From the line containing "Ottawa Bike and" to the end of the records, print every line exactly, both ends included, and leave out the pictures.

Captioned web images
Content starts
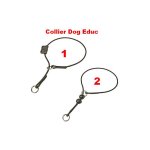 Collier d?ducation pour chien - dog educ dsignation : dog educ avec stoppeurs anti tranglement - version ...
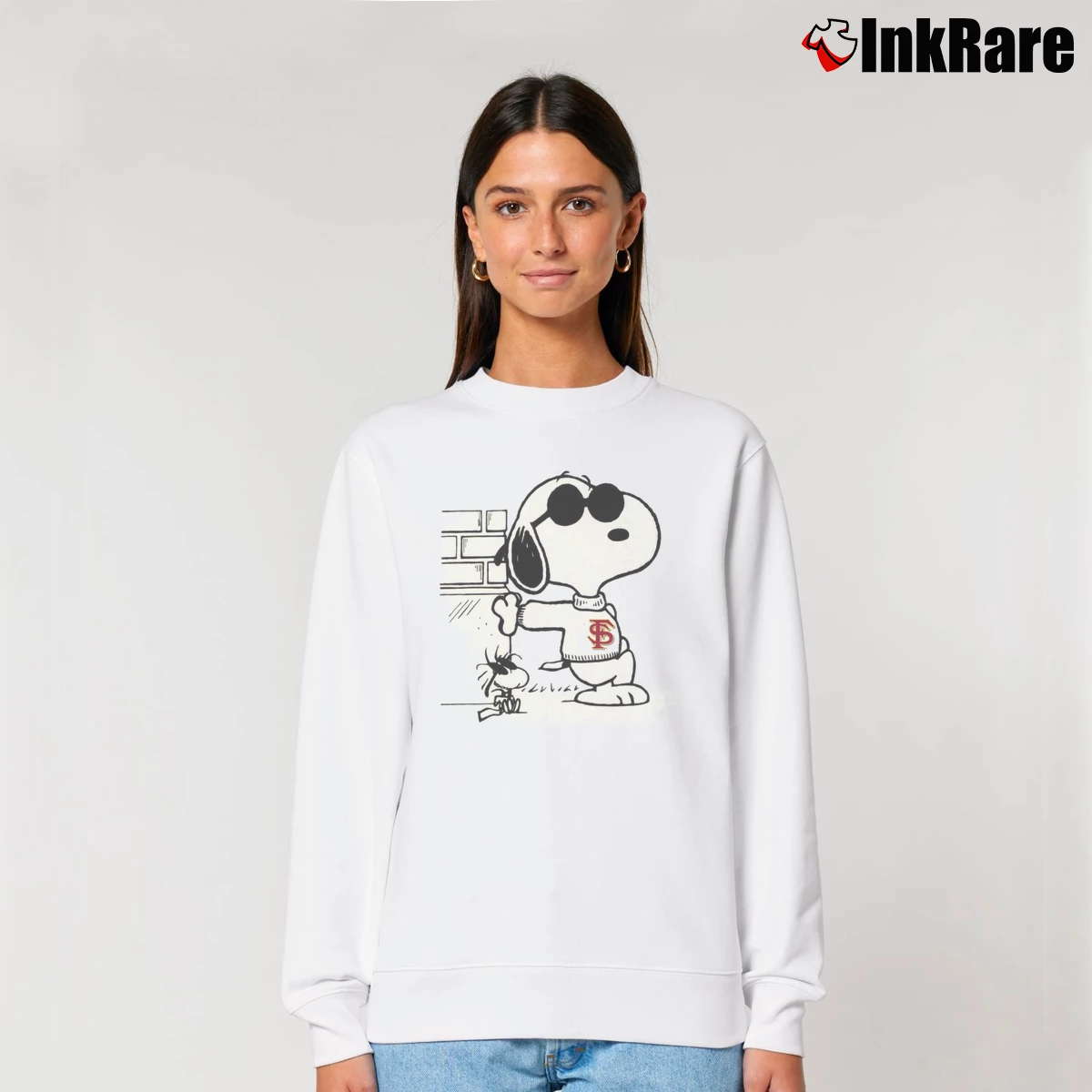 fsu joe cool snoopy Women’s Relaxed Sweatshirt in white – Cozy Casual Women’s fsu joe cool snoopy Relaxed Sweatshirt in white | Soft, Laid-Back Vibe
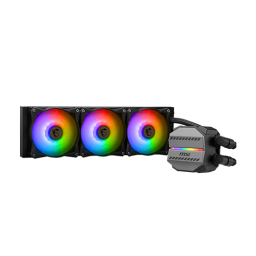 Cpu Water Cooling - Msi Mag Core Liquid M360 360 mm RGB Black
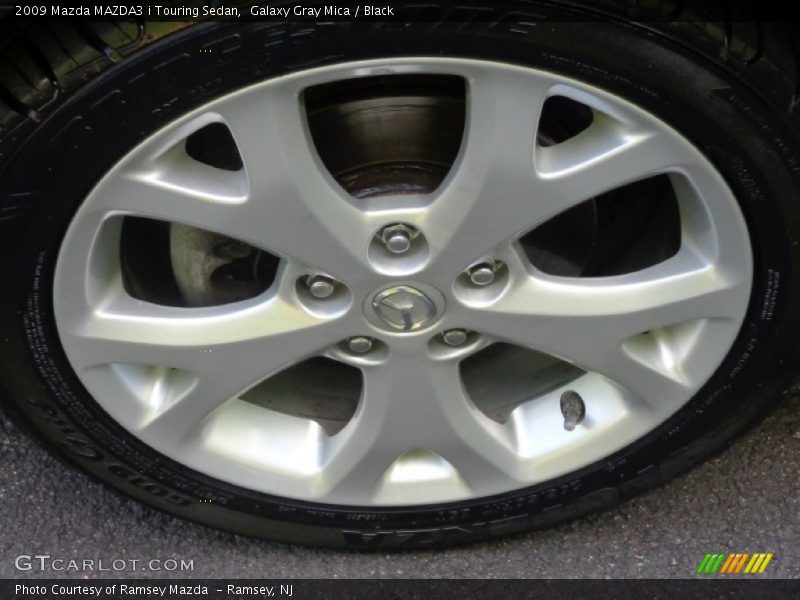 Galaxy Gray Mica / Black 2009 Mazda MAZDA3 i Touring Sedan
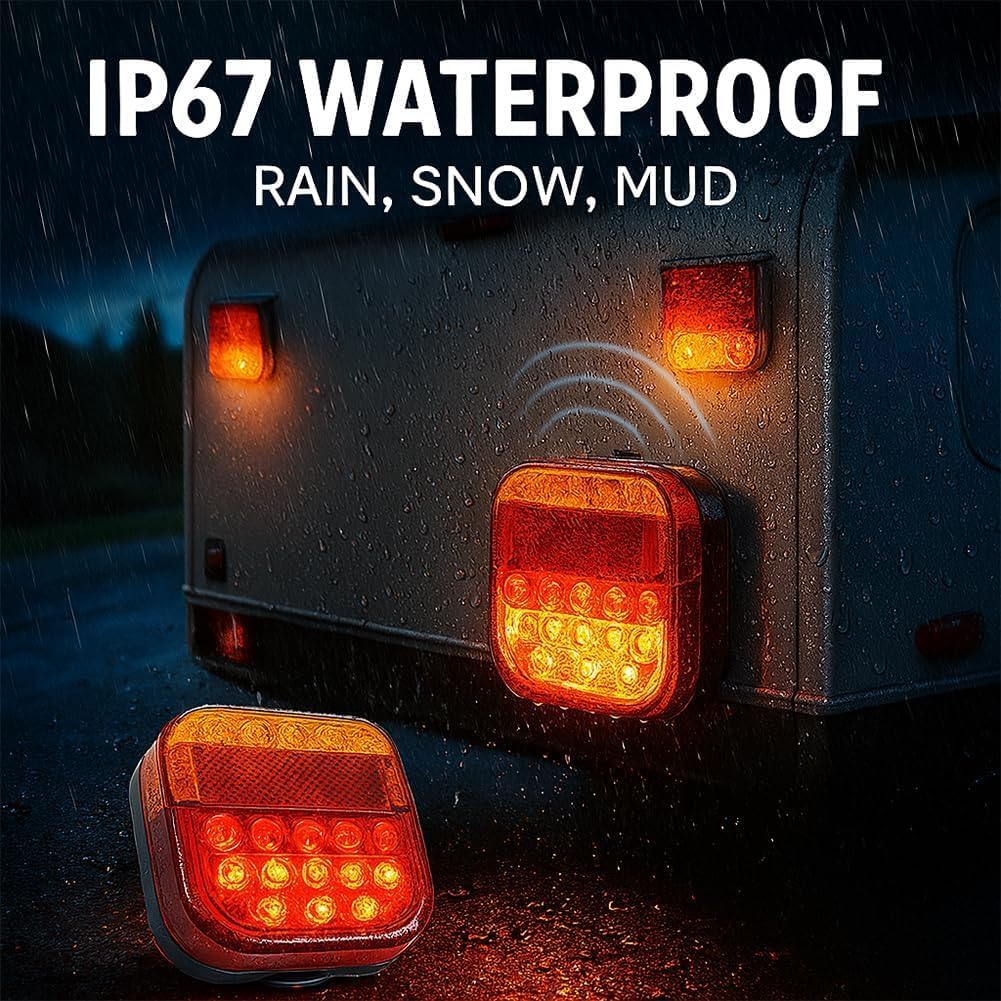 LED Wireless Trailer Lights Kit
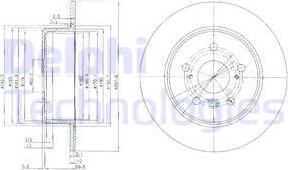 Delphi BG3183 - Bremžu diski adetalas.lv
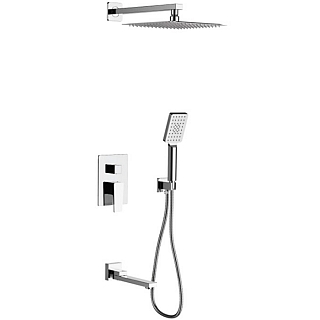 Душевая система L2478-2 встраиваемая, с поворотным изливом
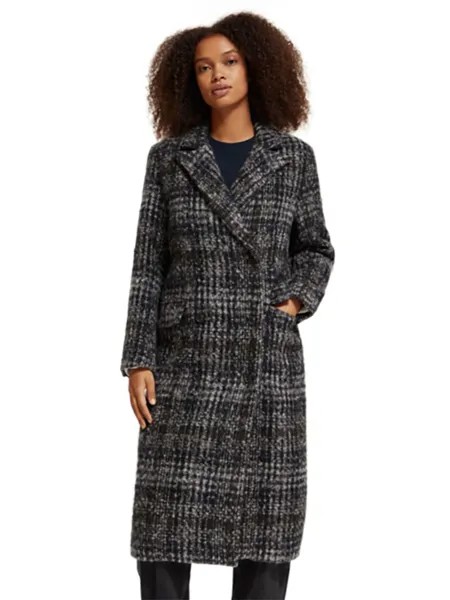 Шерстяная куртка Scotch & Soda, цвет schwarz/dunkelblau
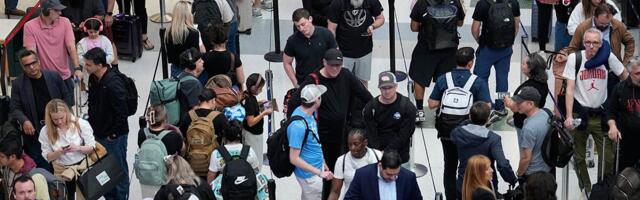 Ljudi padaju kao domine, u redovima se čeka SATIMA, avioni poleću BEZ PUTNIKA: Pakao zbog EES sistema, Beograđanka se srušila na aerodromu u Rimu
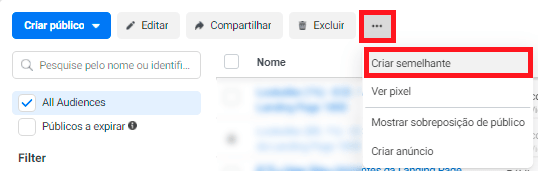 criar público semelhante no facebook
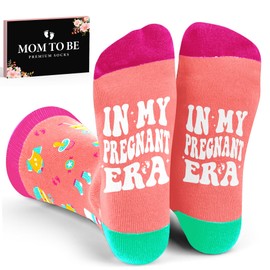 New Mom Gifts & Funny Pregnancy Socks Presents, Christmas Presents for Women - First Time Mother Must Have, Accessories for Pregnant Women - Mothers Day Gifts For Mom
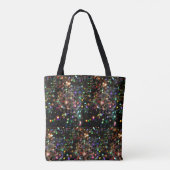De zwarte regenboog Holo Glitter Toto van Glitz! Tote Bag (Achterkant)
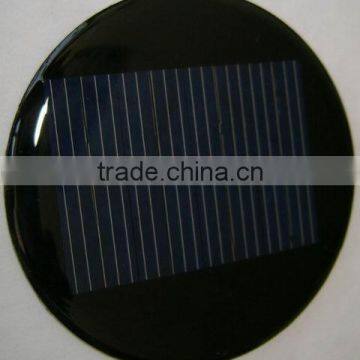 small round solar panel for electronic product with good quality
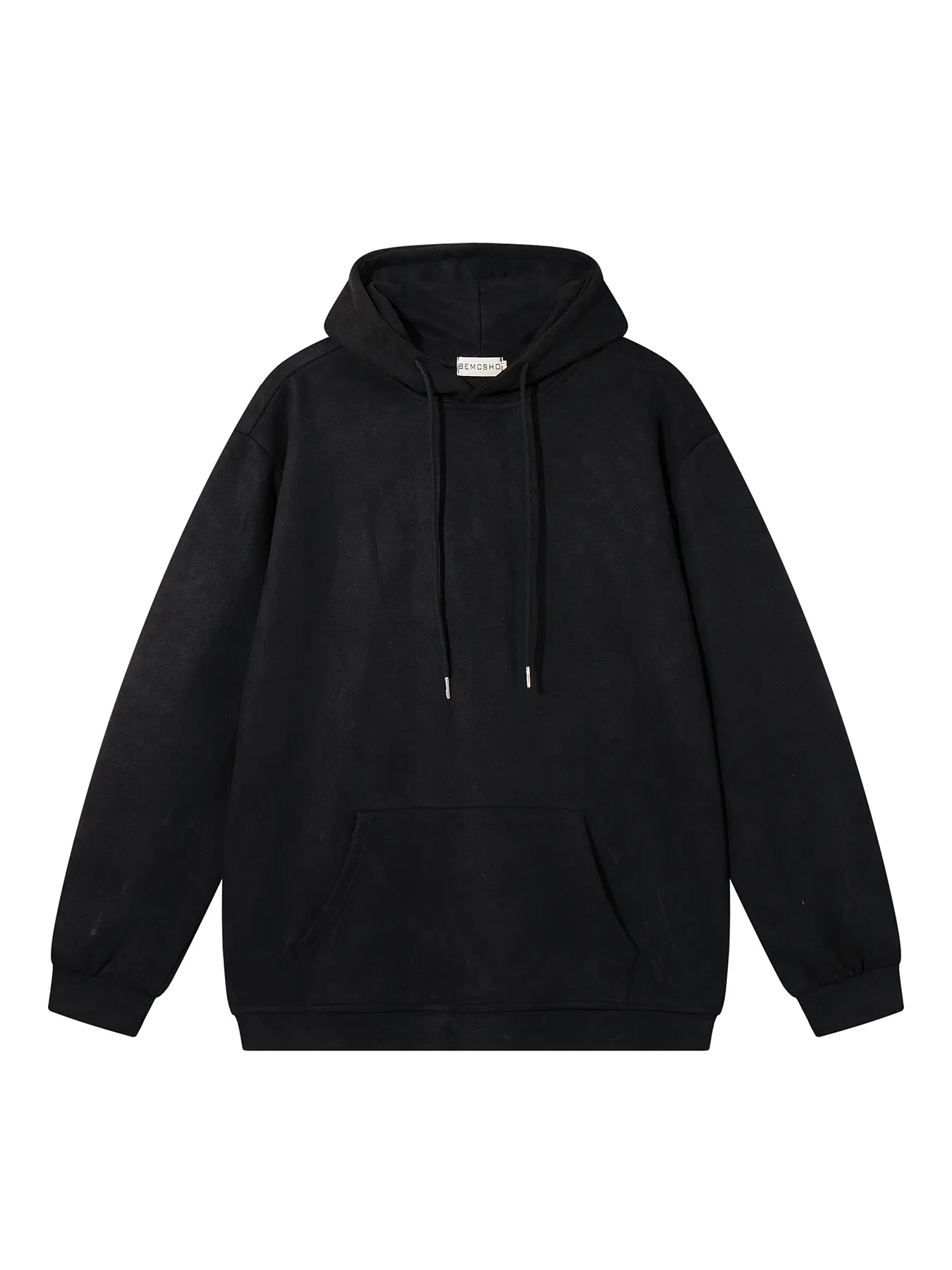 Men's Fall Winter Casual Hooded Sweatshirt, Plain Color Suede Velvet Loose Fit Jacket, Trendy Relaxed Outerwear for Daily Wear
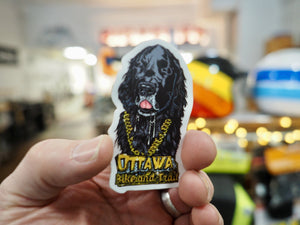 Ottawa Bike and Trail Shop Merch Logo Sticker
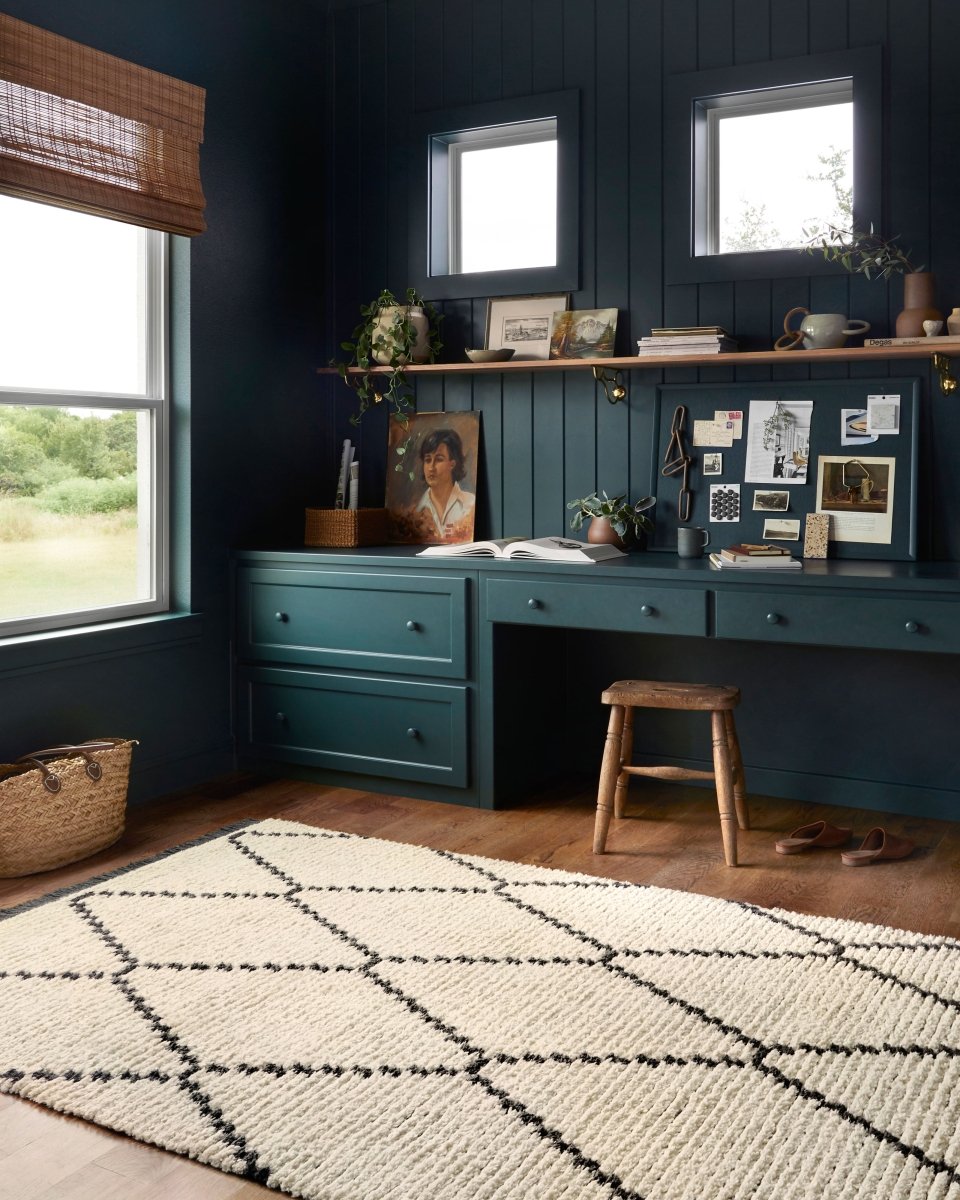 Chris Loves Julia x Loloi Alice Ali-04 Cream/Charcoal Rugs.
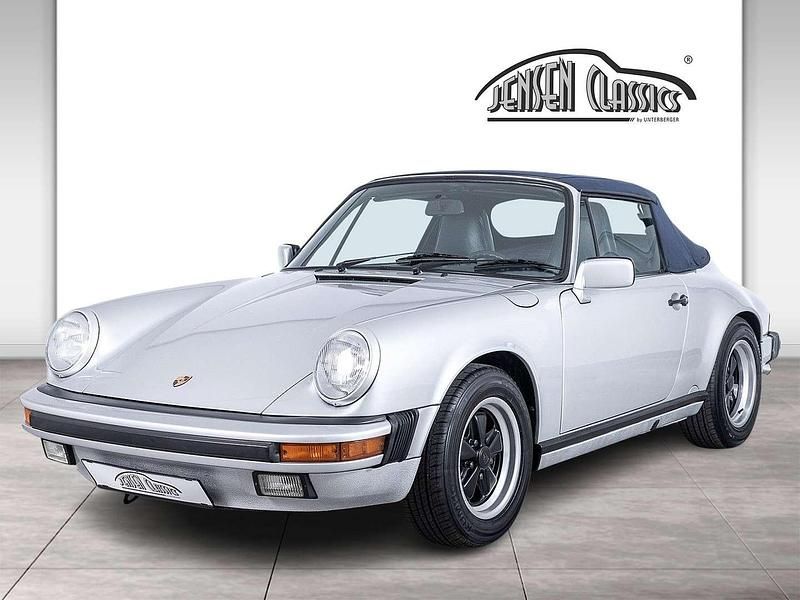 Gebraucht Porsche 911 Carrera Cabriolet 218 PS (160 kW) 1987 Silber Cabrio
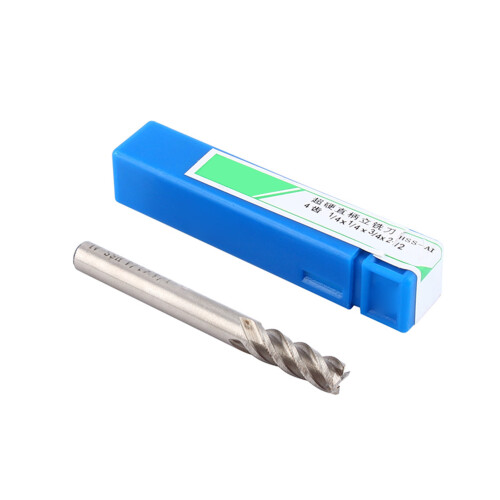 1 Stück 4 Schneiden Schaftfräser, gerader 1/4" Schaft, Schaftfräser 1/4" Arbeitsfräser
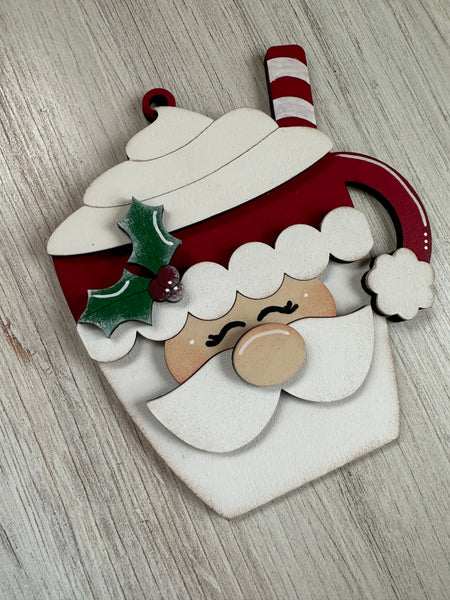 Santa Hot Cocoa Ornament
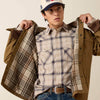 Ariat Mens Retro Canvas Shirt Jacket Kangaroo - 10079376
Content ends
▶ **Response area**:
 Ottawa Bike and Trail Shop Merch Logo Sticker
 Chris Loves Julia x Loloi Alice Ali-04 Cream/Charcoal Rugs.
 Gebraucht Porsche 911 Carrera Cabriolet 218 PS (160 kW) 1987 Silber Cabrio
 1 Stück 4 Schneiden Schaftfräser, gerader 1/4" Schaft, Schaftfräser 1/4" Arbeitsfräser
 Santa Hot Cocoa Ornament
 Ariat Mens Retro Canvas Shirt Jacket Kangaroo - 10079376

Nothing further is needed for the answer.